François Gullung a assuré que l'épouse du président du Modem était au courant du climat de violences dans l'établissement et qu'elle avait tenté de prévenir à plusieurs reprises François Bayrou dans les années 90, une fois par courrier dont elle n'a pas gardé trace et à une autre reprise lors d'une cérémonie de remise de décoration. Devant la commission d'enquête, François Bayrou l'avait accusé "d'affabuler", mettant en doute ses souvenirs.

La méthode avait profondément agacé la commission d'enquête, sans convaincre. Mais pas question manifestement pour la présidente socialiste Fatiha Keloua Hachi et la co-rapporteure Violette Spillebout d'aller jusqu'à accuser François Bayrou de mensonge.

Pas de saisie de la justice

Et pour cause: mentir sous serment devant une commission d'enquête peut être qualifié de faux témoignage. Il est en principe puni de cinq ans d’emprisonnement et de 75.000 euros d’amende. Selon la jurisprudence de la Cour de cassation, la constitution du délit de faux témoignage suppose l’affirmation d’un fait inexact, la négation d’un fait véritable ou une omission volontaire.

Une telle affirmation signée des 3 principales figures de la commission aurait tourné à la tempête politique pour le Premier ministre - une direction qu'elles n'ont donc pas toutes souhaité prendre.

Dans le paragraphe signé par Paul Vannier, le député revient également sur l'audition du juge Mirande. Le Premier ministre a toujours nié avoir eu une quelconque influence sur la procédure judiciaire, faute d'avoir été au courant des faits reprochés.

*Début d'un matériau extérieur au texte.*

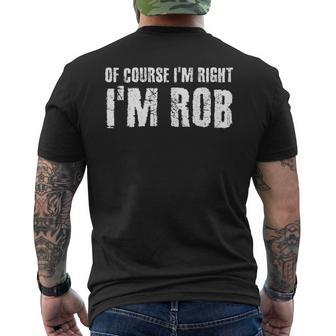 Of Course I'm Right I'm Rob Personalized Name Men's T-shirt Back Print - Monsterry AU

Des doutes sur l'éventuelle intervention de Bayrou auprès d'un juge

Mais Christian Mirande, l'ancien juge d'instruction en charge du dossier, a affirmé devant la commission d'enquête avoir rencontré de façon privée François Bayrou en 1998 pour évoquer le sujet. À l'époque, l'ancien directeur de l'institution catholique du Béarn, le père Carricart, est accusé de viol par un ancien élève, le premier à avoir dénoncé de tels faits.

Cette visite a été niée dans un premier temps par François Bayrou. Sa propre fille Hélène Perlant a ensuite assuré auprès de Médiapart puis de BFMTV que son père avait bien rencontré le juge Mirande.

Devant la commission d'enquête, le Premier ministre a finalement expliqué "n'avoir aucun souvenir de tout ça". "Encore aujourd’hui, je n’ai aucun souvenir. Mais je fais confiance à Christian Mirande qui dit qu’on s’est rencontrés chez lui", a-t-il affirmé, en évoquant une fréquentation "amicale" avec le juge, l'un de ses voisins.

"Une connaissance" des faits à Béthramam "établie"

De telles affirmations poussent donc Paul Vannier à affirmer que François Bayrou a bien "menti devant la représentation nationale".

"Sa connaissance" des faits est "établie (...) par sa visite au domicile du juge d’instruction Mirande, en 1998, après la mise en examen du directeur Carricart pour viol sur mineurs, expressément pour l’interroger sur ce sujet", peut-on lire dans le paragraphe signé par Paul Vannier.

Manque "d'actions" de François Bayrou

Si la co-rapporteure Violette Spillebout n'a pas choisi de suivre son collègue insoumis, elle ne manque pas de pointer les responsabilités du Premier ministre.

"À défaut d'action" que François Bayrou avait "les moyens d'engager", alors qu'il était "informé" quand il était ministre de l'Éducation nationale et président du Conseil départemental des Pyrénées-Atlantiques, ces violences "ont perduré pendant des années", écrivent conjointement les auteurs du rapport.

Le parquet de Pau enquête actuellement sur près de 200 plaintes, dont certaines ont été déposés pour des faits qui remontent jusqu'au milieu des années 2010.

"Tristesse" de la présidente de la commission d'enquête

Le Premier ministre s'est félicité que la commission d'enquête ait "refusé de suivre" Paul Vannier "qui souhaitait le remettre en cause", a expliqué l'entourage du Premier ministre à BFMTV.

La commission d'enquête ne devrait pas poursuivre François Bayrou devant la justice, comme l'a expliqué la présidente de la commission Fatiha Keloua-Hachi.

La socialiste a cependant jugé "triste" que les violences sur les enfants soient "encore légitimé par certains, et parmi eux François Bayrou lors de son audition". Le Premier ministre avait ainsi jugé que les claques faites à des enfants pouvaient être des "gestes éducatifs".